* _Problem to solve_
Without the pictures, copy the entries below word for word.

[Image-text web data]
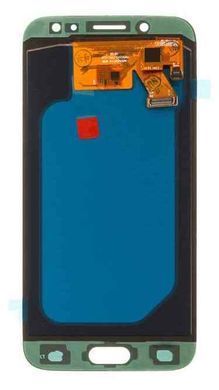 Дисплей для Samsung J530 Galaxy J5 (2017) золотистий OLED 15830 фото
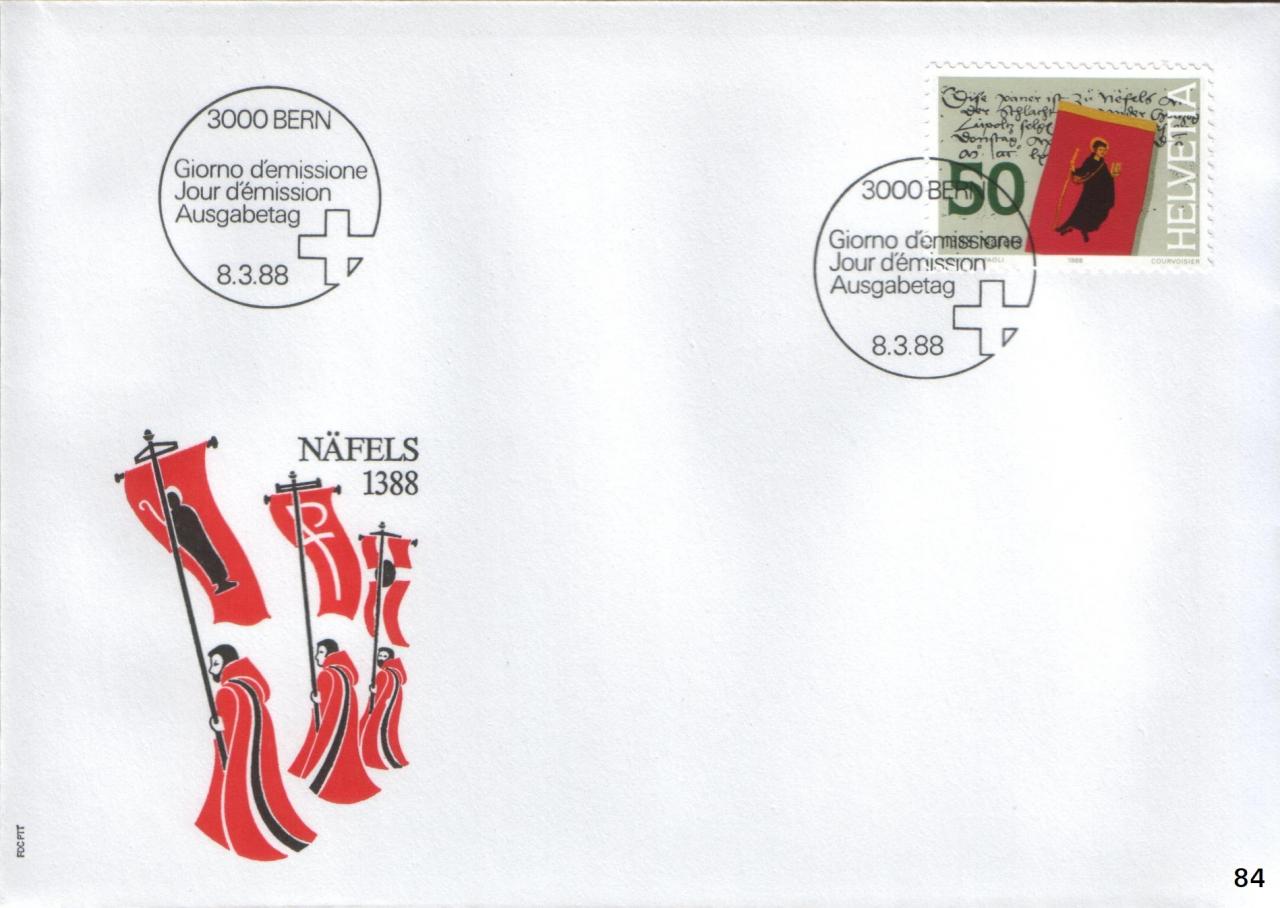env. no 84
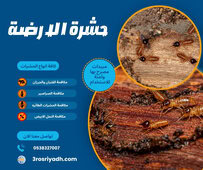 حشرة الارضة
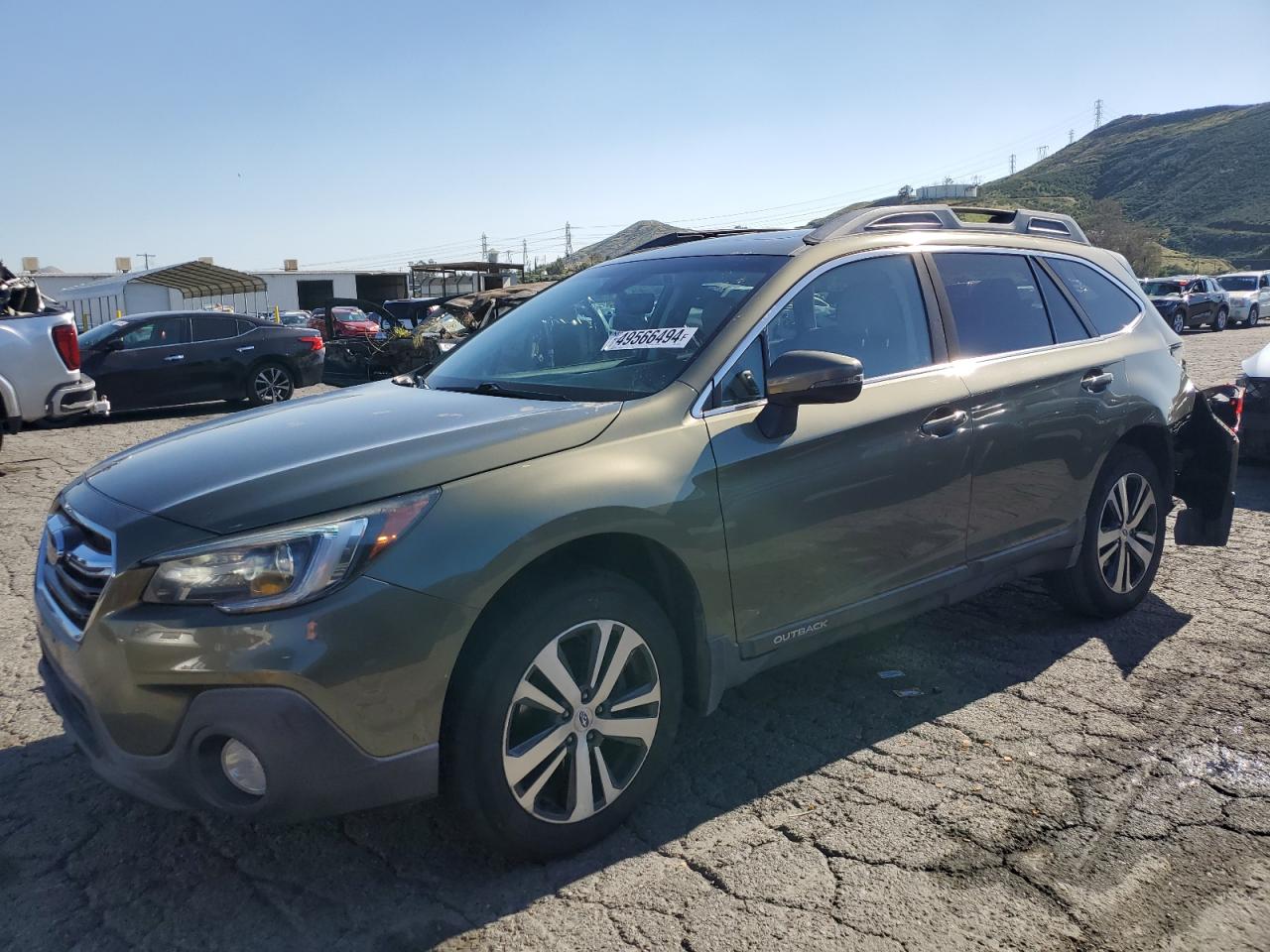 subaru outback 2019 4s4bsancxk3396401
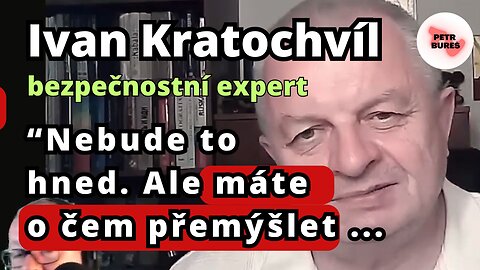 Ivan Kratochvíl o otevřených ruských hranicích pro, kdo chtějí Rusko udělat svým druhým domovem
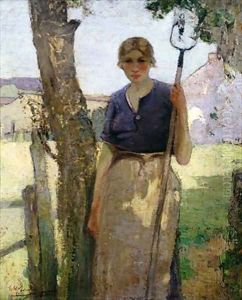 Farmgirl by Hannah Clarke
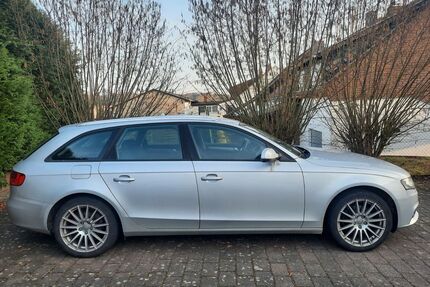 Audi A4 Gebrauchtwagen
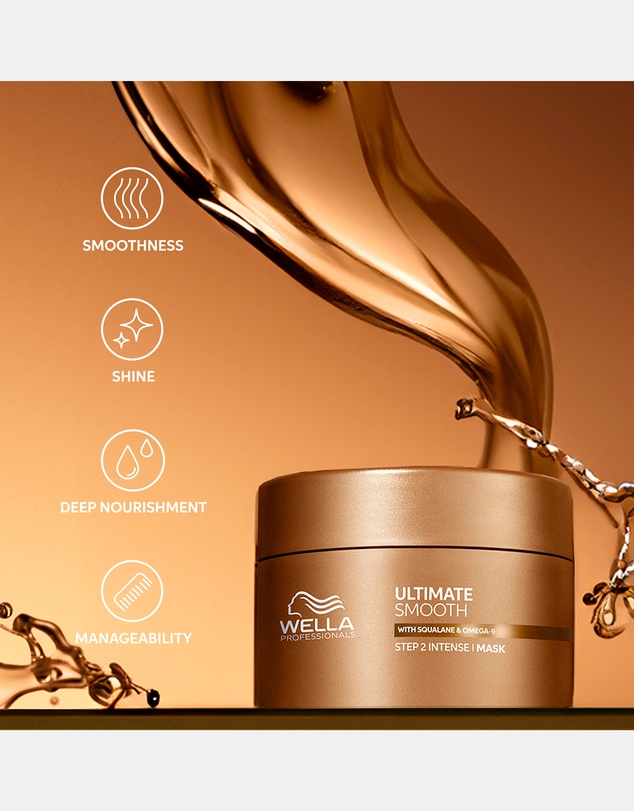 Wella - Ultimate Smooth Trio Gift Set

* _Problem solution_
 Дисплей для Samsung J530 Galaxy J5 (2017) золотистий OLED 15830 фото
env. no 84
 حشرة الارضة
 subaru outback 2019 4s4bsancxk3396401
 Ivan Kratochvíl o otevřených ruských hranicích pro, kdo chtějí Rusko udělat svým druhým domovem
 Farmgirl by Hannah Clarke
 Audi A4 Gebrauchtwagen
 Wella - Ultimate Smooth Trio Gift Set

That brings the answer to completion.